We live in a complex, non-linear world - and the challenge is how to “embrace the chaos and ambiguity of modern life”.

The author is keen to stress that this is not a web phenomenon. “Something interesting is happening beyond the world of social media: public meetings are suddenly all the rage.”

It's a social phenomenon - and an understanding of behavioural economics is more useful than mastery of technology, Thomas argues. 'The simplistic view of man as a rational economic animal doesn't appear to fit the mood of the times.'

He quotes Google's Shona Brown discussing loose management: “The way to succeed in fast-paced, ambiguous situations is to avoid creating too much structure, but not to add too little either.”

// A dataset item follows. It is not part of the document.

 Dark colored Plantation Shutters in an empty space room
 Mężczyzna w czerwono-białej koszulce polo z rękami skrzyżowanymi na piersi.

Business schools that have inculcated a rational approach to business, are among those that he criticises: “We are witnessing the unravelling of the most fundamental building blocks of the commercial world and a collapse of faith in tight, empirical rational models and ways of thinking.'

Though it's a business book and not an academic text, there is enough substance to ensure the integrity of the text.

The central argument in Loose is that the only way institutions can respond to new patterns of consumer behaviour, rapidly changing expectations and new technology is to loosen up.

Agility, flexibility and the ability to improvise will become the defining characteristics of successful businesses, while those institutions that rely on tight thinking – the imposition of rules, fixed processes, hierarchical structures – will struggle.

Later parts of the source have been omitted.